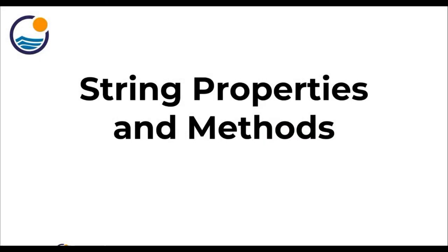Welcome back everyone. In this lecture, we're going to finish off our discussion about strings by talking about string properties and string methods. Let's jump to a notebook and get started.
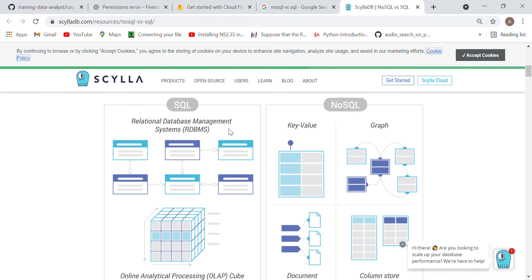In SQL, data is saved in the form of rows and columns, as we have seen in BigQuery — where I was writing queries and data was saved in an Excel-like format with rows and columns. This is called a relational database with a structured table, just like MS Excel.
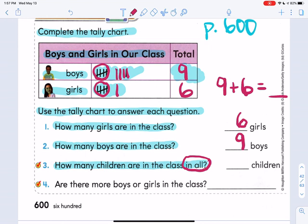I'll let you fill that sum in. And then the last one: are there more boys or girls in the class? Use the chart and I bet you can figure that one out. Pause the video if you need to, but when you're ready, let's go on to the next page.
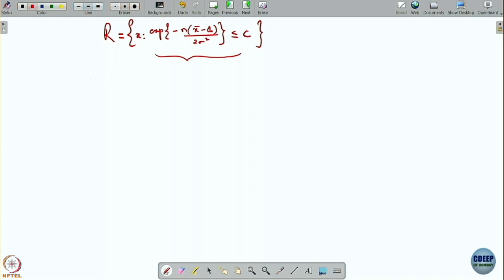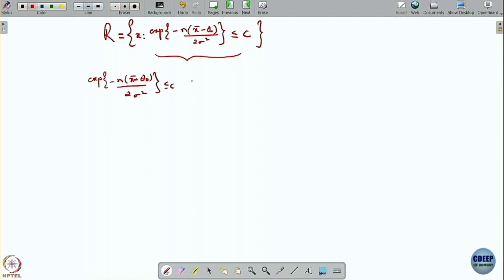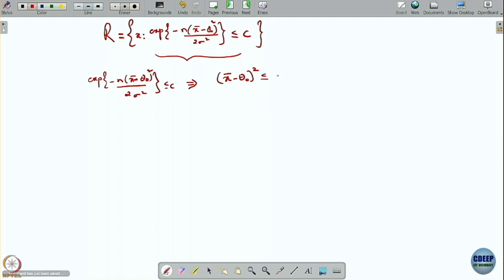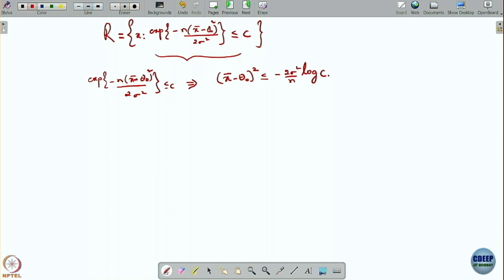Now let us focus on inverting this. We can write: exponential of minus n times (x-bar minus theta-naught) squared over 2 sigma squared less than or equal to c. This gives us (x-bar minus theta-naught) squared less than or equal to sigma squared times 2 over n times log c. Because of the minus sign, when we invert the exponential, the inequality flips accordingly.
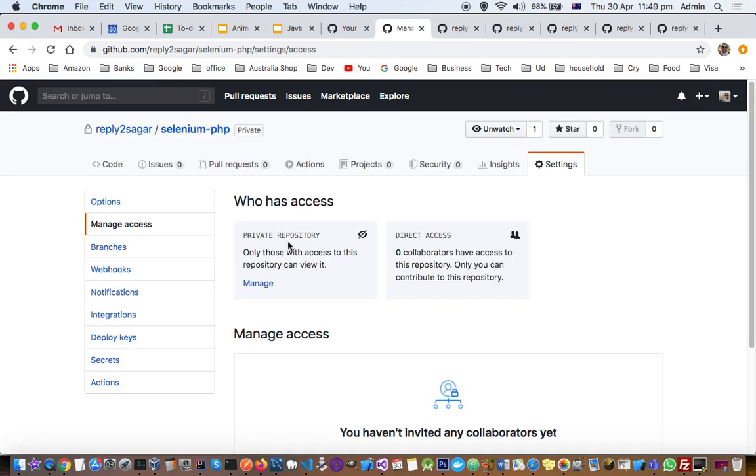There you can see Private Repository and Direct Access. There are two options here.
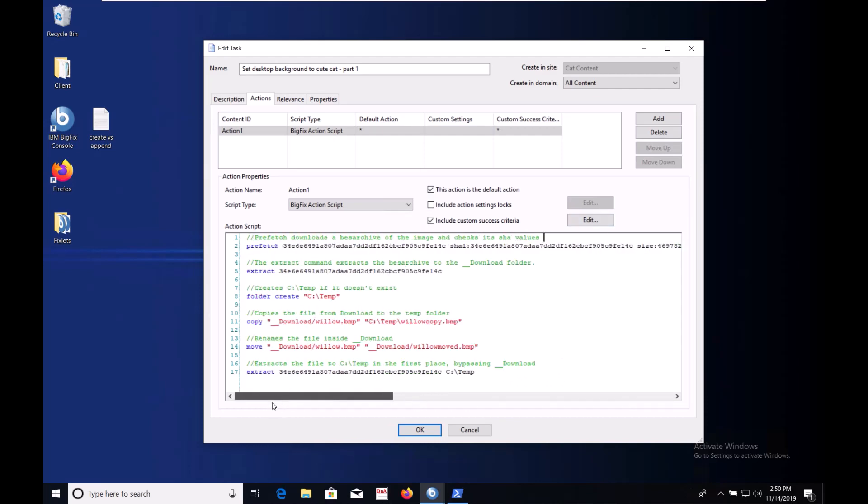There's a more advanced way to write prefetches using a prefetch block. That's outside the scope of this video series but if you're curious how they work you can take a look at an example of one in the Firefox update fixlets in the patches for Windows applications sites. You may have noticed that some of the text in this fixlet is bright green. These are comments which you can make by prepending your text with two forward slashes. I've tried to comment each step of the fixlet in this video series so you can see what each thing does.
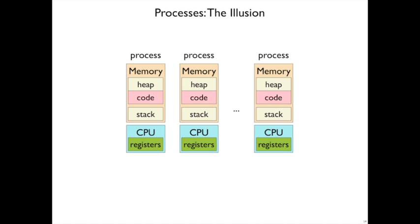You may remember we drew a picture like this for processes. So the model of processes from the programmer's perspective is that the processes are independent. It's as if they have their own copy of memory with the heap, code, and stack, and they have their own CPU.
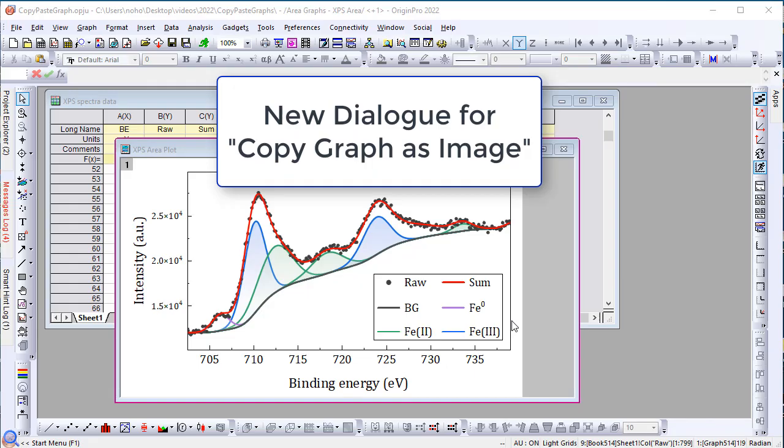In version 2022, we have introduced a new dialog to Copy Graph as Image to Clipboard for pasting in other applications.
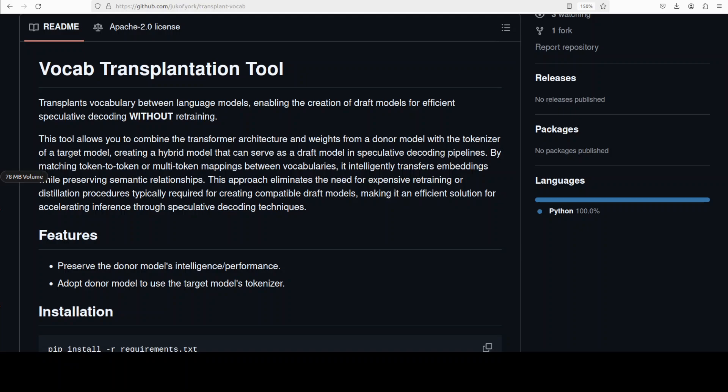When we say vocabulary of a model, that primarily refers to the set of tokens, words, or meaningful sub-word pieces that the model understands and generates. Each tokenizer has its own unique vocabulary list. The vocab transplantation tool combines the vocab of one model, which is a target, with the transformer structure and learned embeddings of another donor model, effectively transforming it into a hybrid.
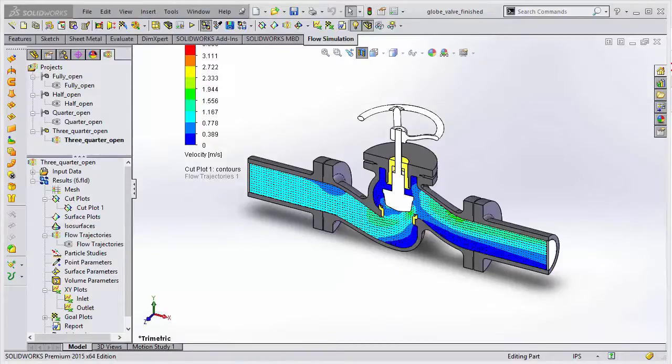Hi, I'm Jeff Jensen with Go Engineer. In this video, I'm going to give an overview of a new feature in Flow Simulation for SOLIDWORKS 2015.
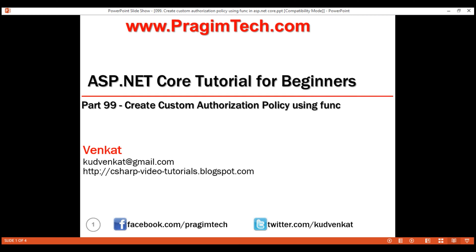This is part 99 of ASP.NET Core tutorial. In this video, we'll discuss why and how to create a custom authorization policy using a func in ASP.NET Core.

=======

Directions for this task:
The required output is each line above restated verbatim, with all images omitted.

Response to this task:
Welcome back everyone. In this lecture, we're going to finish off our discussion about strings by talking about string properties and string methods. Let's jump to a notebook and get started.
In SQL, data is saved in the form of rows and columns, as we have seen in BigQuery — where I was writing queries and data was saved in an Excel-like format with rows and columns. This is called a relational database with a structured table, just like MS Excel.
I'll let you fill that sum in. And then the last one: are there more boys or girls in the class? Use the chart and I bet you can figure that one out. Pause the video if you need to, but when you're ready, let's go on to the next page.
Now let us focus on inverting this. We can write: exponential of minus n times (x-bar minus theta-naught) squared over 2 sigma squared less than or equal to c. This gives us (x-bar minus theta-naught) squared less than or equal to sigma squared times 2 over n times log c. Because of the minus sign, when we invert the exponential, the inequality flips accordingly.
There you can see Private Repository and Direct Access. There are two options here.
There's a more advanced way to write prefetches using a prefetch block. That's outside the scope of this video series but if you're curious how they work you can take a look at an example of one in the Firefox update fixlets in the patches for Windows applications sites. You may have noticed that some of the text in this fixlet is bright green. These are comments which you can make by prepending your text with two forward slashes. I've tried to comment each step of the fixlet in this video series so you can see what each thing does.
You may remember we drew a picture like this for processes. So the model of processes from the programmer's perspective is that the processes are independent. It's as if they have their own copy of memory with the heap, code, and stack, and they have their own CPU.
In version 2022, we have introduced a new dialog to Copy Graph as Image to Clipboard for pasting in other applications.
When we say vocabulary of a model, that primarily refers to the set of tokens, words, or meaningful sub-word pieces that the model understands and generates. Each tokenizer has its own unique vocabulary list. The vocab transplantation tool combines the vocab of one model, which is a target, with the transformer structure and learned embeddings of another donor model, effectively transforming it into a hybrid.
Hi, I'm Jeff Jensen with Go Engineer. In this video, I'm going to give an overview of a new feature in Flow Simulation for SOLIDWORKS 2015.
This is part 99 of ASP.NET Core tutorial. In this video, we'll discuss why and how to create a custom authorization policy using a func in ASP.NET Core.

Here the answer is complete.